It’s not that simple. A lot of the times these DMCAs are not sent to your instance email, they’re sent to your provider’s and they don’t give a fuck. They will tell you, “remove it, or we take down your whole server and all data in it”. You can send a DMCA counternotice sometimes, but eventually if you get enough bogus DMCAs, some providers just terminate your service anyway due to their hassle. It’s fucked up and the reason why lemmy.dbzer0.com had to change providers to someone more hostile to bogus-DMCAs.
There weren’t any, it was just a troll account that asked admins at a bunch of different Lemmy instances to block anything related to piracy. Lemmy.world admins took the bait. Even in the original announcement they never mentioned anything about dealing with tons of takedown requests.

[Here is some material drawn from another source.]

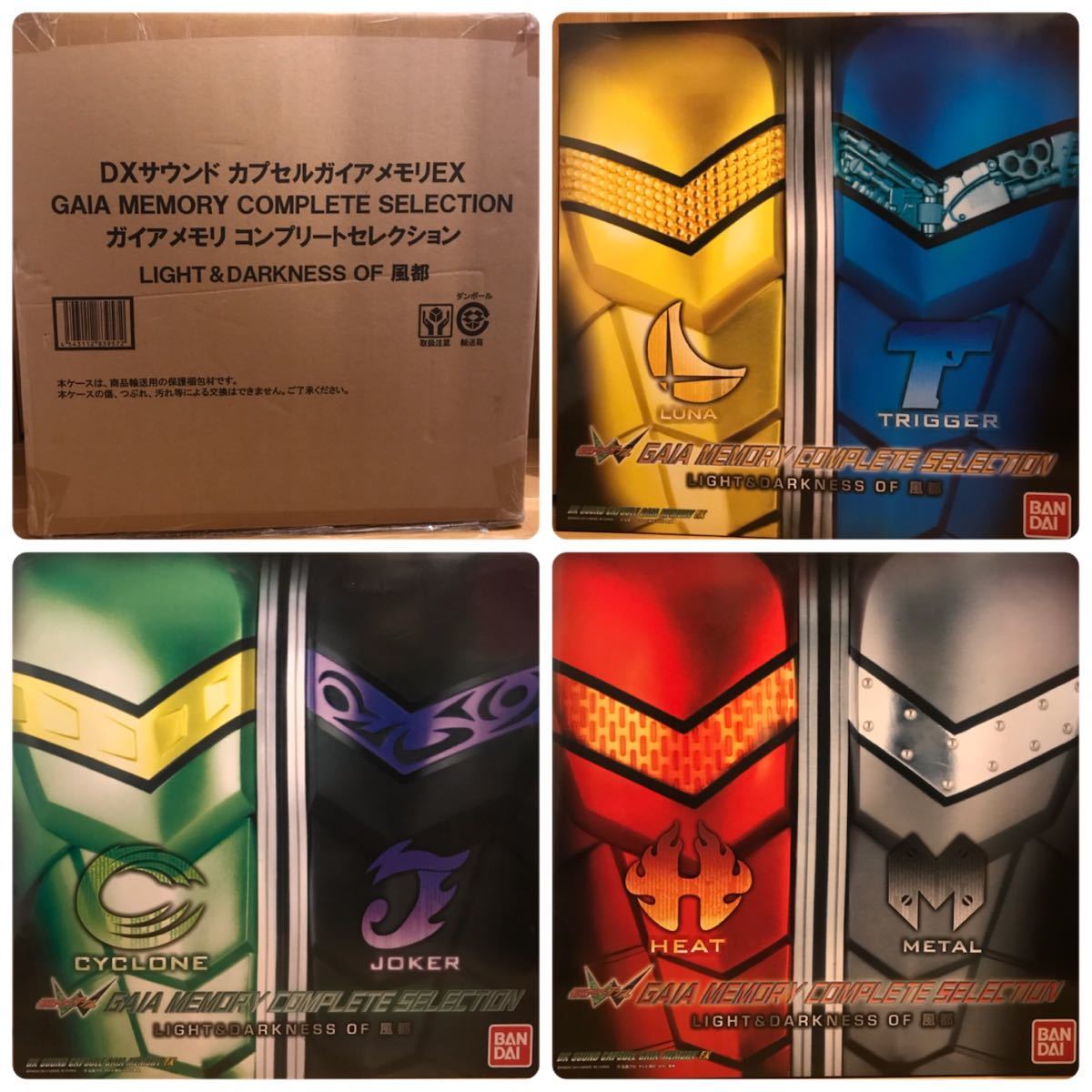 仮面ライダーダブル　ガイアメモリ　LIGHT & DARKNESS OF 風都 ガイアメモリコンプリートセレクション LIGHT & DARKNESS OF 風都 【B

In other words they were blocking piracy related content preemptively before any takedowns occurred.
It’s nice they walked back that decision but I’m still not going to create an account there.
Lemmy.world has a bad habit of acting preemptively first and asking questions later.
So they finally realized the person that convinced them to block the piracy subs was an idiot transphobic troll who was unhealthily obsessed with defending bungie, a faceless game corporation that needs no defense?
Shocker.
They state legal reasons, which makes sense. Better check things and be safe. Are there any more details etc. available about what you claim?
From a legal standpoint, I sort of get it. One risk of the fediverse is that data is cached locally from federated servers. That could put server owners in legal jeopardy for hosting illegal content. However, if the server is actively moderated and owners respond responsibly to take down requests, they should be okay - in the US at least, and assuming current protections for service providers remain intact.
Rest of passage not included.